▶ SUPPLIED INFORMATION:
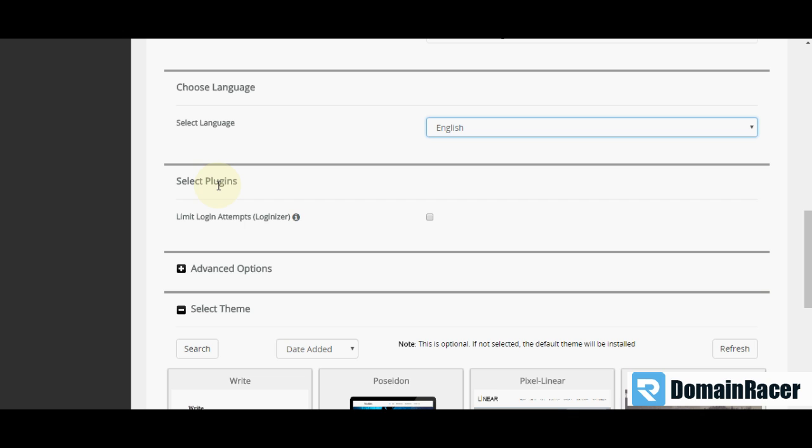Then next option is select plugins. Limit login attempts. Loginizer is the great plugin.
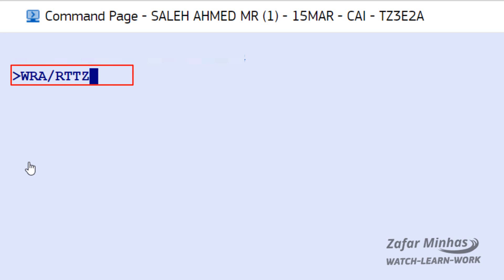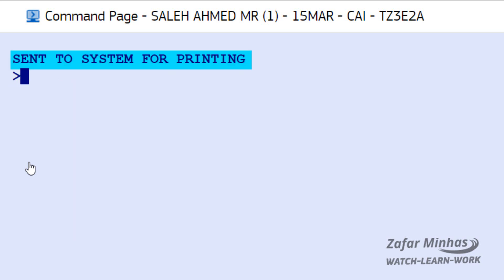You can also print a PNR by using its record locator. To do this, enter WR print transaction followed by A print all option, slash RT retrieve transaction, followed by the record locator — for example, Tango Zulu 3 Echo 2 Alpha. Send to system for printing message and print PNR content on your default printer.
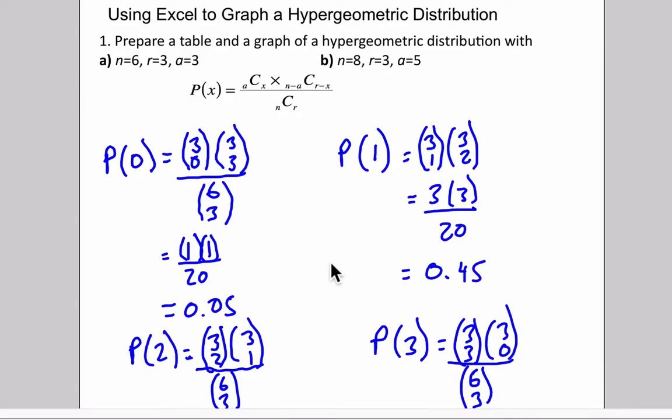So in the first question, you're asked to prepare a table and a graph of a hypergeometric distribution. In the first case, n is equal to 6, which means our total population that we're going to choose from will be equal to 6.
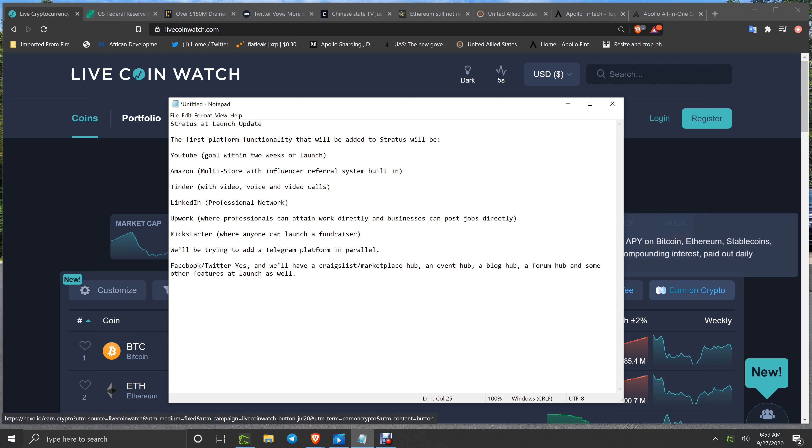Making them better and making them private, no data sold, and one login to all the platforms. You have Tinder with video, voice, and video calls. LinkedIn professional network. Upwork where professionals can attain work directly and businesses can post jobs directly. Kickstarter with anyone who can launch a fundraiser. We'll be trying to add a Telegram platform in parallel. Facebook and Twitter, yes, as we all were hoping.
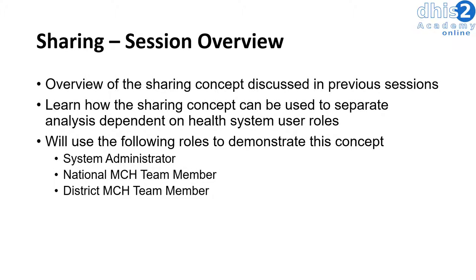In this session, we will tie together some of the sharing concepts that we've discussed in previous sessions. We will go over one example where we use the sharing concept to separate analysis based on a user's role within the health system.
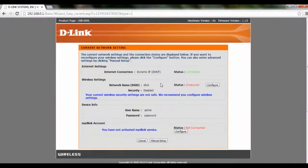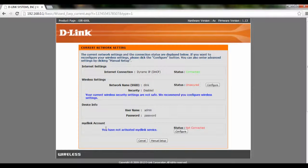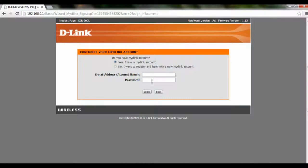Once you click login, at the bottom of this page you will see mydlink account. At the moment we have not activated our mydlink services, so all we have to do is click on configure.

▶ WORK REQUEST: Would you please copy the listing exactly, omitting every picture?

▶ FINAL ANSWER:
Then next option is select plugins. Limit login attempts. Loginizer is the great plugin.
You can also print a PNR by using its record locator. To do this, enter WR print transaction followed by A print all option, slash RT retrieve transaction, followed by the record locator — for example, Tango Zulu 3 Echo 2 Alpha. Send to system for printing message and print PNR content on your default printer.
So in the first question, you're asked to prepare a table and a graph of a hypergeometric distribution. In the first case, n is equal to 6, which means our total population that we're going to choose from will be equal to 6.
Making them better and making them private, no data sold, and one login to all the platforms. You have Tinder with video, voice, and video calls. LinkedIn professional network. Upwork where professionals can attain work directly and businesses can post jobs directly. Kickstarter with anyone who can launch a fundraiser. We'll be trying to add a Telegram platform in parallel. Facebook and Twitter, yes, as we all were hoping.
In this session, we will tie together some of the sharing concepts that we've discussed in previous sessions. We will go over one example where we use the sharing concept to separate analysis based on a user's role within the health system.
Once you click login, at the bottom of this page you will see mydlink account. At the moment we have not activated our mydlink services, so all we have to do is click on configure.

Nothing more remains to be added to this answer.